[Bug]: Abysmal performance on RTX 4090

levicki commented 1 year ago

Is there an existing issue for this?

[X] I have searched the existing issues and checked the recent builds/commits

What happened?

I have seen a few issues discussing poor RTX 4090 performance, but none of them have any resolution.

I just did a clean install of the repository few minutes ago trying to fix it, and I am getting only ~7.5 it/s with default settings (Euler-a, 20 iterations, batch size 1, 512x512px, sd-v1-4-full-ema.ckpt).

I think there might have been some performance regression, and I just can't believe that nobody working on this project has a 40x0 series card to test before pushing a commit.

Steps to reproduce the problem

Do a fresh install
Test image generation on an RTX 4090 without xformers using default parameters mentioned above 4 times
Discard first image it/s result
Observe pathetic ~7.5 it/s for the next 3 images

What should have happened?

Iteration speed of at least 25 it/s without xformers.

Commit where the problem happens

602a1864b05075ca4283986e6f5c7d5bce864e11

What platforms do you use to access UI ?

Windows

What browsers do you use to access the UI ?

Brave

Command Line Arguments

No response

Additional information, context and logs

No response

BrentOzar commented 1 year ago

So there are existing issues without answers, and you decided the right thing to do was … add yet another issue?

levicki commented 1 year ago

So there are existing issues without answers, and you decided the right thing to do was … add yet another issue?

I did because the issue I found was a question, and this is a bug report as the performance has regressed to about half it was before (and sadly I can't tell you how much before, or I would have just rolled back to that commit already).

For example #2449 in particular has over 200 posts and a lot of people asking whether procedure described in one of those posts can be also applied to Windows install (I am running this on Windows).

Linked from there is a pull request #7056, which suggests increasing torch and CUDA version, but it seems to break Dreambooth which is unacceptable. Despite it seemingly not being approved by @AUTOMATIC1111 I see that launch.py change in the commit I linked here in the bug report and which gives me the abysmal speed noted above.

Given the difficulty Windows users have with building Torch (and its dependencies) it would be very nice if 4000 series got some attention -- upgrading to Torch 2.0 and CUDA 12.0 (or at least 11.8) would be a reasonable first step towards allowing those cards to reach their full potential.

levicki commented 1 year ago

Let me add that just replacing the CUDNN binaries in venv/lib/site-packages/torch/lib (1.13.1+cu117) with the latest ones (v8.7.0 for CUDA 11.x) brings the speed up from ~7.5 it/s to ~11 it/s for me but this is still slower than before and slower than 3000 series cards.

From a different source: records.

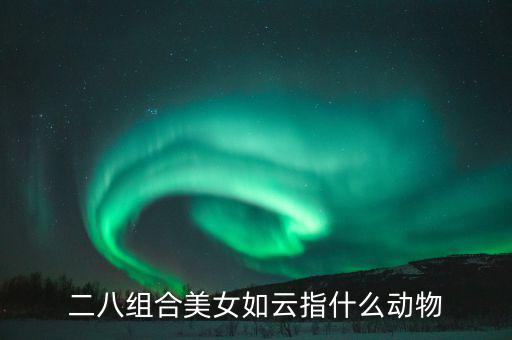 二八組合是什么意思，二八是什么意思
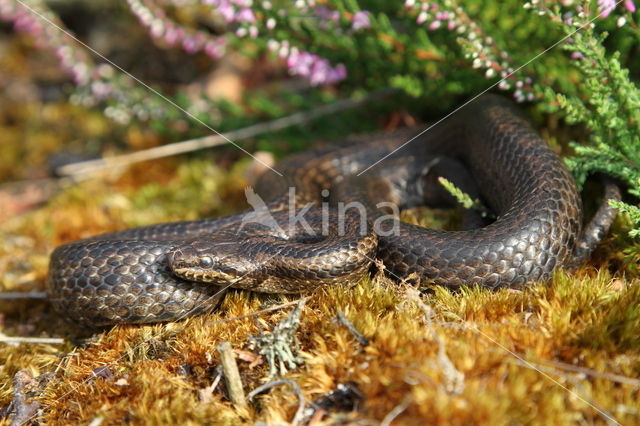 gladde slang (Coronella austriacus)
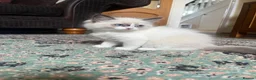 Ragdoll cats for sale: Beautiful baby girl ragdoll  - Advert 9
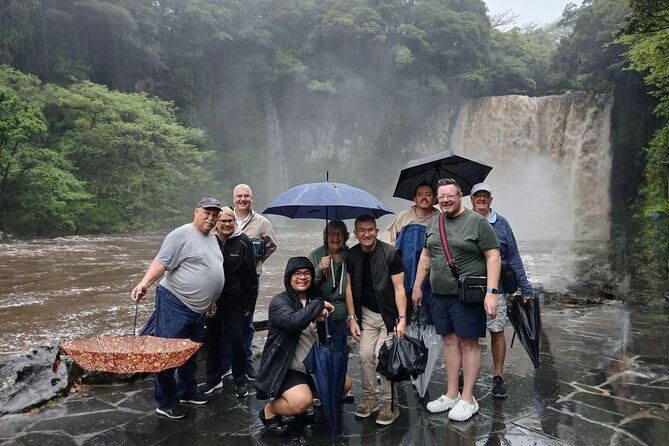 Jeju Private Taxi Tour with a Licensed English Guide-Driver - Why this private Jeju taxi tour beats DIY hopping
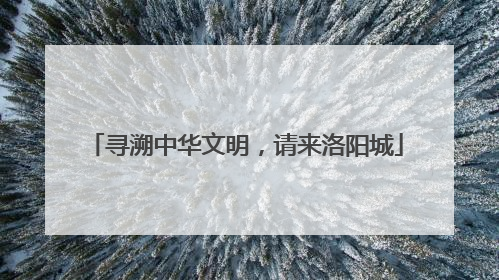 寻溯中华文明，请来洛阳城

XeonG commented 1 year ago

Never knew it could be faster only started trying this stuff with the 4090 in the last week.. hopefully it does get back to what the hardware is capable of soon.

will try the 8.7.0 files

levicki commented 1 year ago

Of course it can be faster — 4090 should have double the performance of the 3090 Ti.

ChinatsuHS commented 1 year ago

Few things you can do to benchmark better is

roll back the commits to before the slowdowns happened with current nvidia drivers.. are the slowdowns still the same then it is the nvidia drivers most likely
rollback nvidia drivers to earlier versions ... are the slowdowns still happening .. try using nvtop to see if anything else is eating away at the vram while generating.
try using studio drivers instead of game ready drivers.

seoeaa commented 1 year ago

I have a speed on 4090 7.5 it / s, I managed to double it, but the training broke

javsezlol1 commented 1 year ago

@seoeaa howd you manage to double it?

levicki commented 1 year ago

@ChinatsuHS

roll back the commits to before the slowdowns happened with current nvidia drivers.. are the slowdowns still the same then it is the nvidia drivers most likely

As I said, if I knew how far I have to roll back I would have already done it. I only noticed the slowdown with this latest commit but when I started using this repository approx. 2 months ago I had at least 15 it/s. Who knows which of the dozens of commits made since then could have caused it.

If you could give me a couple of commit hashes which introduced changes that are likely to cause slowdowns, then I could rollback to those specific commits, but I am not going to rollback through dozens of them one by one to find it — there must be a better way.

rollback nvidia drivers to earlier versions ... are the slowdowns still happening .. try using nvtop to see if anything else is eating away at the vram while generating.

Rolling back NVIDIA drivers is not an option — I am on 528.02, and the lowest I could go is 526.98 without breaking other things which I use (Daz Studio and Iray). Furthermore, I am sure nothing else is using VRAM when I am running SD.

try using studio drivers instead of game ready drivers.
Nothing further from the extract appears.